用語解説(カフナ、中央図書館、種族、七人の魔術師、黒の書)

カフナ
本の都アフツァックの中央図書館の司書を指す言葉。
「英知の専門家」という意味を持つ。
物語の舞台であるアトラトナン大陸は男尊女卑の思想が根強く、司書は女性が就ける数少ない職業であるため、男女比は1:9と圧倒的に女性が多い。

中央図書館
アフツァックに存在する巨大な図書館で、書を貸し出すだけでなく、あらゆる書を保管し、守り抜くことを使命とする。

種族
ヒューロン族、ラコタ族、ホピ族、カドー族、ココパ族、クリーク族、セラーノ族の七種族が存在し、ヒューロン族が最も数が多く、勢力が大きい。

七人の魔術師
かつて「ニガヨモギの使者」と呼ばれる災厄を退けた偉大な魔術師。
七種族から一人ずつが参加しており、何人かはまだ存命している。
「理の大魔術師」と呼ばれたホピ族の魔術師だけは戦いの中で殉職している。

魔術書
魔術師の魔力を閉じ込めた特別な力を持つ本。
危険なため製造が禁止され、中央図書館が回収を行っている。

黒の書
民族大戦争という争いを引き起こした本で、何の力もない普通の書物。
しかしその内容がヒューロン族によるホピ族の虐殺を引き起こした。


「図書館の大魔術師」の主な登場人物(ネタバレ注意)

シオ=フミス

 本作の主人公。

 ホピ族とヒューロン族の混血の少年で、ホピ族の特徴である長い耳を持ち、迫害されていた。

 アムン村では学校に通いながら石工として働き、13歳の時に司書を夢見て司書試験に挑む。

 体力と身体能力に優れ、水のマナを大量にため込む魔術師として高い素質を持つが、今のところ魔術師としての技術は持っていない

ティファ=フミス

 シオの9歳年上の姉でヒューロン族。

 彼女が9歳の時、シオを連れて旅路の果てにアムン村に辿り着いた。

 村では混血を育てる変人として扱われているが、惜しみない愛情をシオに注ぐ。

 ティファとシオの両親やシオとの血縁、関係については今のところ不明。

サキヤ=メネス

 シオの一歳年上の幼馴染の少女。

 シオに想いを寄せ、迫害されているシオのために、こっそり本を貸していた。

オセ=メネス

 サキヤの父親でアムン村の図書館の館長。

 名誉欲が強く、シオを差別して図書館への入館を禁じていた。

 悪人というわけではなく、娘のサキヤを溺愛している。

セドナ=ブルゥ

 シオが6歳の時に村を訪れた4人のカフカの一人。

 シオの11歳年上のラコタ族の男性で、「風の魔術師」と呼ばれる守護室期待の新人。

 振舞いこそがその人物を形作ると、常に芝居がかった仕草を好んで行う変人で、シオが司書を目指す切っ掛けを作る。

アンズ=カヴィシマフ

 シオが6歳の時に村を訪れた4人のカフカの一人。

 シオより27歳年上の女性で6児の母。

 遠征隊のリーダーで普段は穏やかで優しいが、怒らせると非常に怖い。
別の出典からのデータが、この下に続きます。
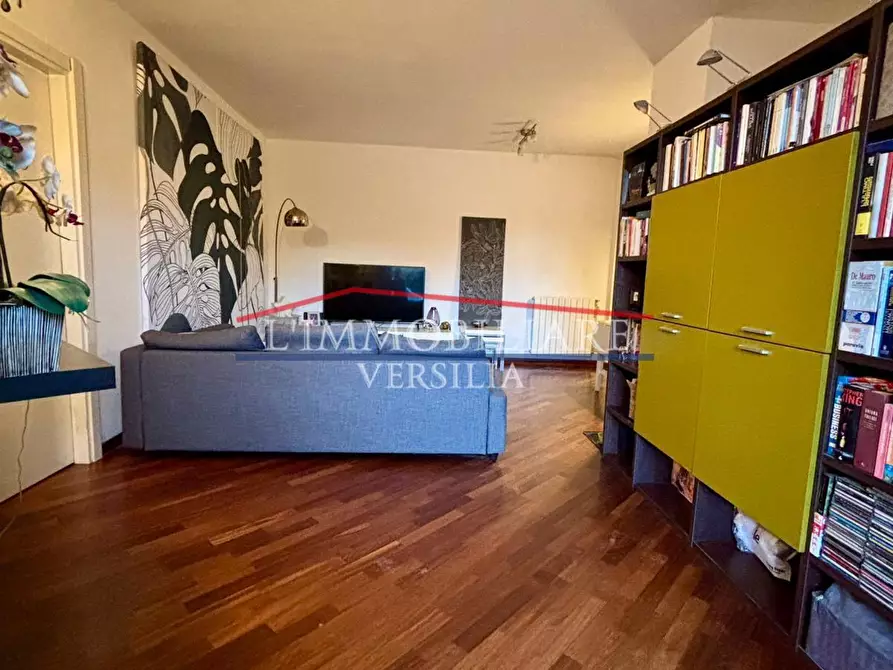 Immagine 11 di Appartamento in vendita  a Massa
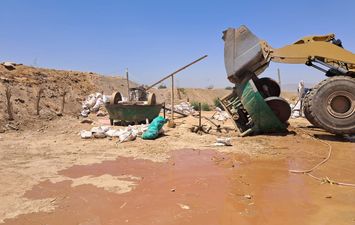 جانب من محلات الإزالة 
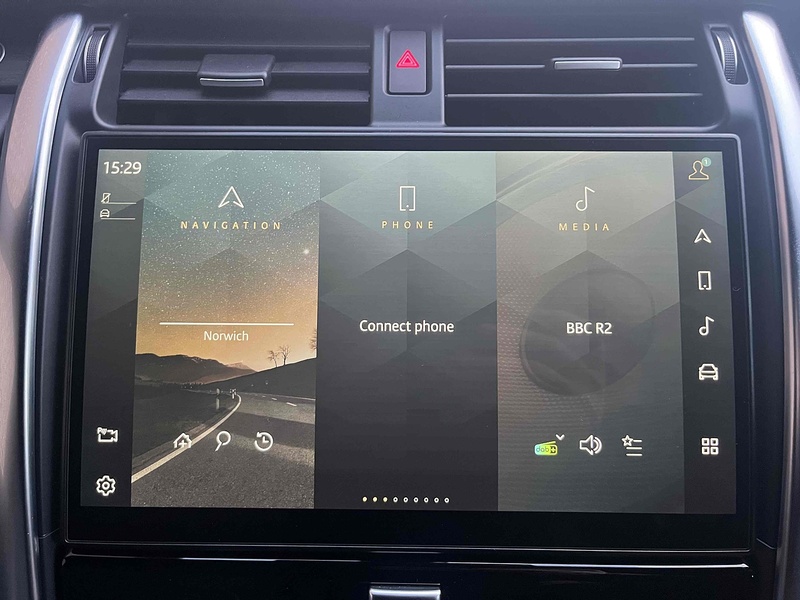 Land Rover 3.0 D300 MHEV HSE SUV 5dr Diesel Auto 4WD Euro 6 (s/s) (300 ps)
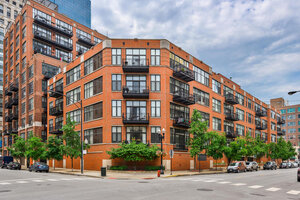 Photo of 333 W Hubbard Street Chicago IL 60654 Unit 1006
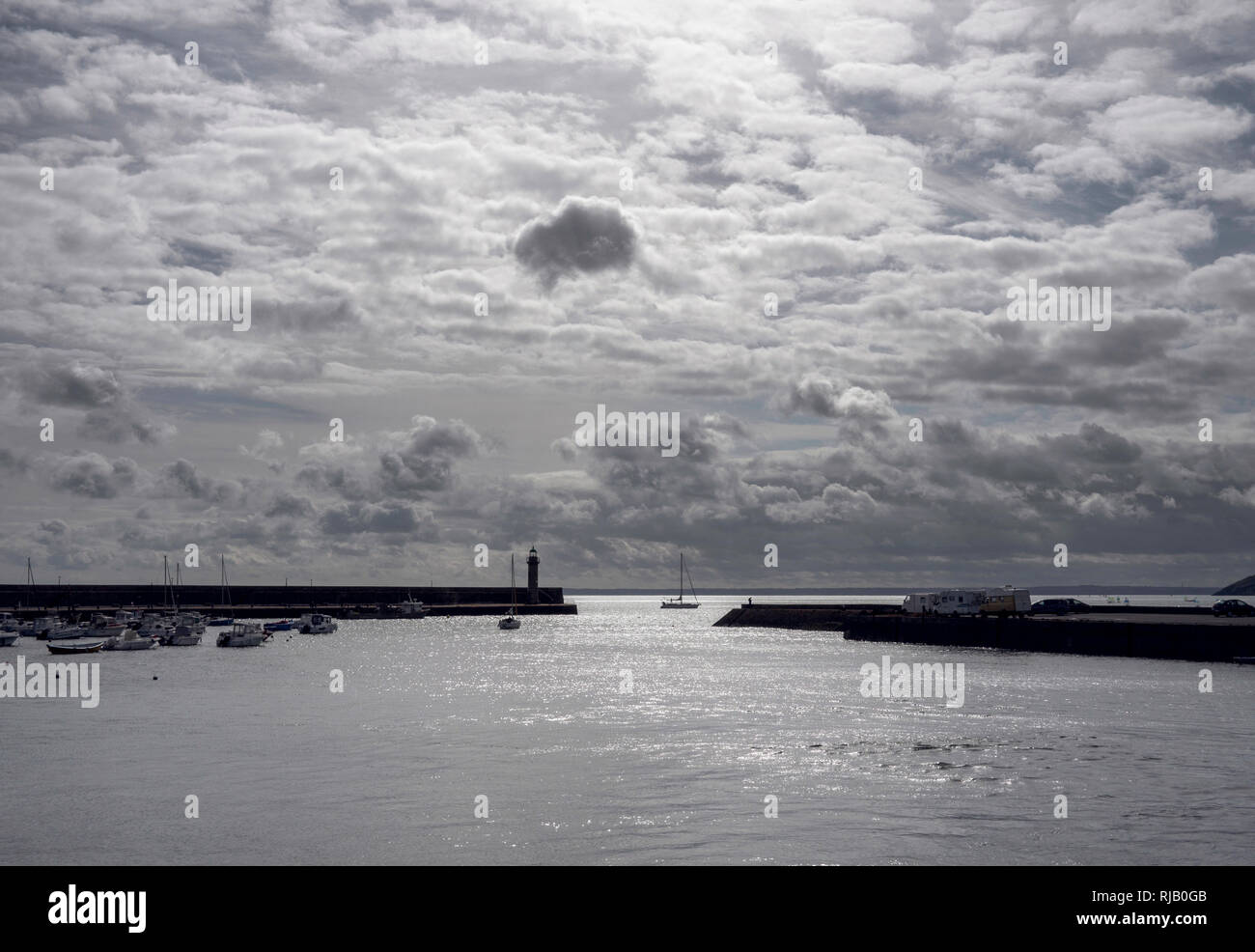 Hafeneinfahrt von Binic, Bretagne bei Flut und Gegenlicht Foto Stock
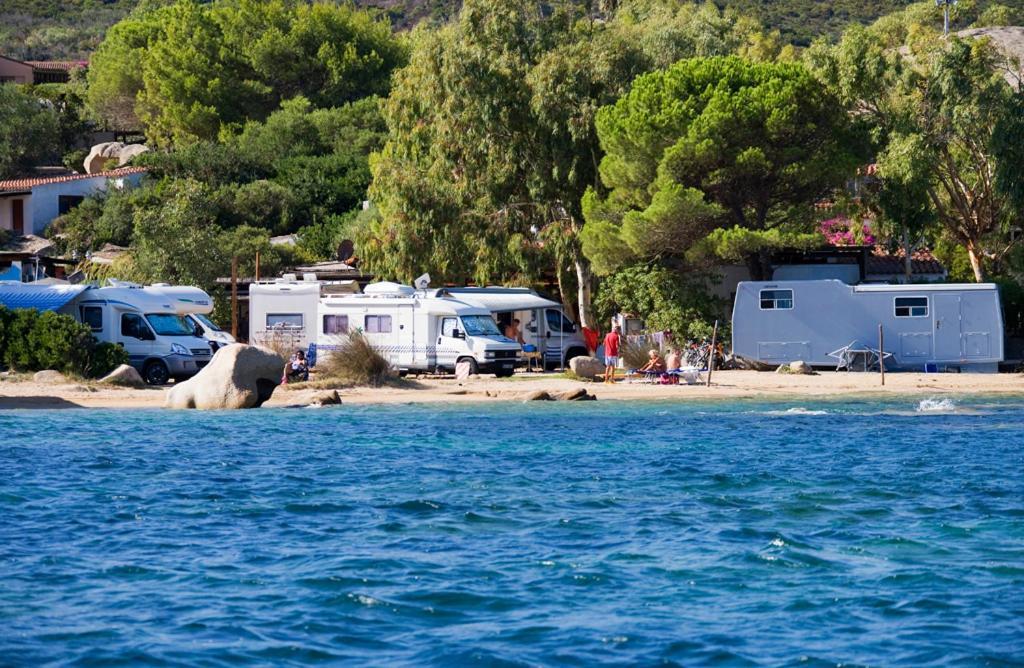 Camping Baia Saraceno Hotel ปาเลา ภายนอก รูปภาพ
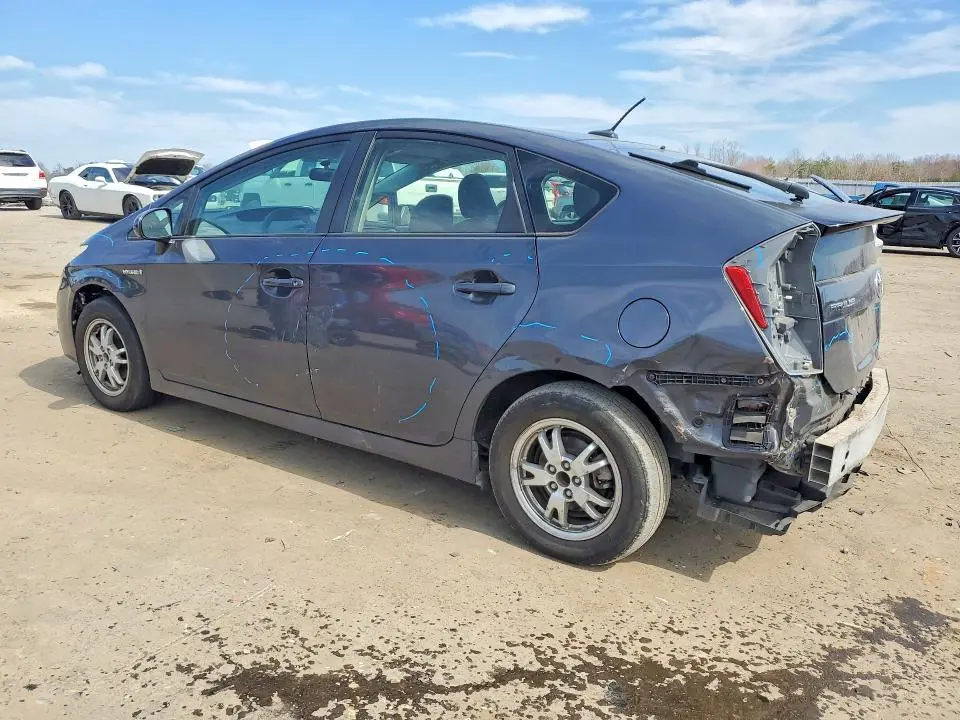 2010 TOYOTA PRIUS II  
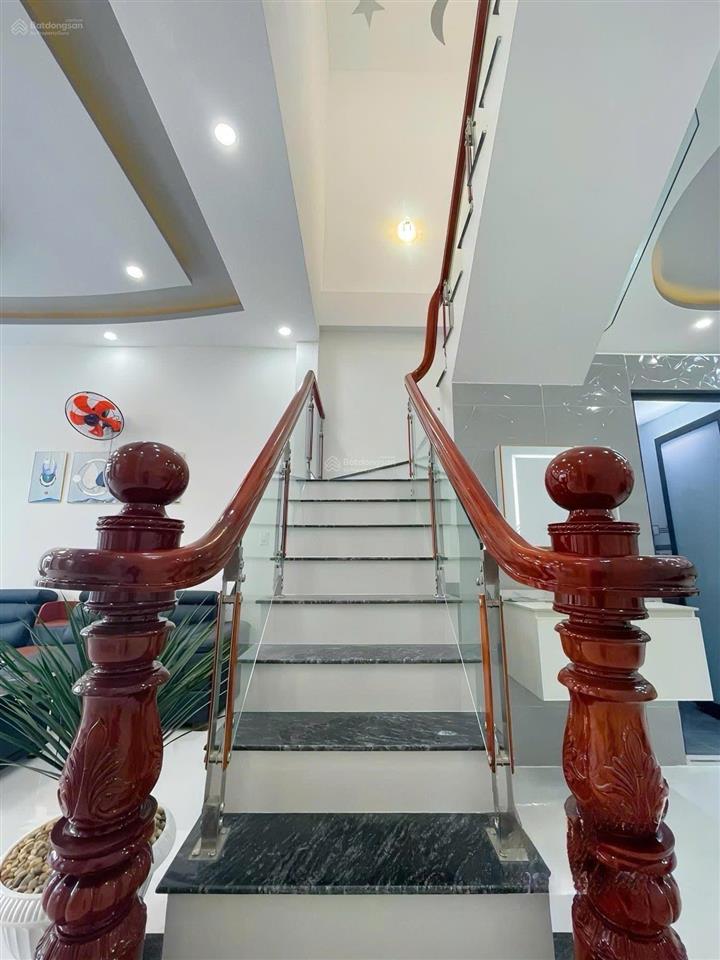 Bán nhà ngay ủy ban p. tân triều 5x20m, sổ sẵn thổ cư 100% giá 1 tỷ 750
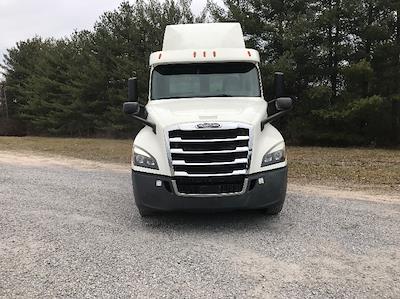 Used 2019 Freightliner Cascadia Detroit DD13 Semi Truck for sale #321596 - photo 2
ほんとに。

ピピリ=ピルベリィ

 シオが6歳の時に村を訪れた4人のカフカの一人。

 シオより16歳年上のココパ族(特徴として、身体が妖精のように小さく羽がある)の女性。

 修復室所属で修復技術は非常に高い。

ナナコ=ワトル

 シオが6歳の時に村を訪れた4人のカフカの一人。

 シオより11歳年上の女性で本への愛情は極めて強い。

 その反面、対人関係は非常に不愛想。

ミホナ=クォアハウ

 シオと同い年のヒューロン族の少女。

 カフナを目指しており、シオとともにアフツァックへ旅する。

 頭は良いが見栄っ張りで天然気味。

アルフ=トラロケ

 シオ=フミスと同い年の少年。

 カフナを目指しており、シオとともにアフツァックへ旅する。

 背が低く子供に見られることが多いが、本人はまったくそれを気にしていないかのごとくふるまっている(が、実は密かに大きくなることを夢見ている)。

ナチカ=クアパン

 司書試験の三次試験でシオたちと同じ班になった少女。

 シオより2歳年上で高慢な性格の持ち主で、当初はシオとトラブルを起こしそうになる。

 非常に心配性。

オウガ

 司書試験の三次試験でシオたちと同じ班になった少女。

 クリーク族とヒューロン族の混血の少女でケモ耳。

 非常に明るく楽天的。

ウイラ

 シオが旅の途中で出会い、相棒としたフルアと呼ばれる希少な小動物。

 実は砂漠の魔術師によって獣の姿に変えられた存在。

 元の姿は女性で、シオに誑し込まれている。


「図書館の大魔術師」の感想と評価

とにかく世界観と人の描き方が緻密

 第一印象はとにかく壮大で緻密。

 凄いファンタジーが出てきたな、というのが感想です。

 オリジナリティのある世界観が非常に丁寧に描かれているのは勿論ですが、何より凄いのは登場人物一人一人の思想、背景の描き方。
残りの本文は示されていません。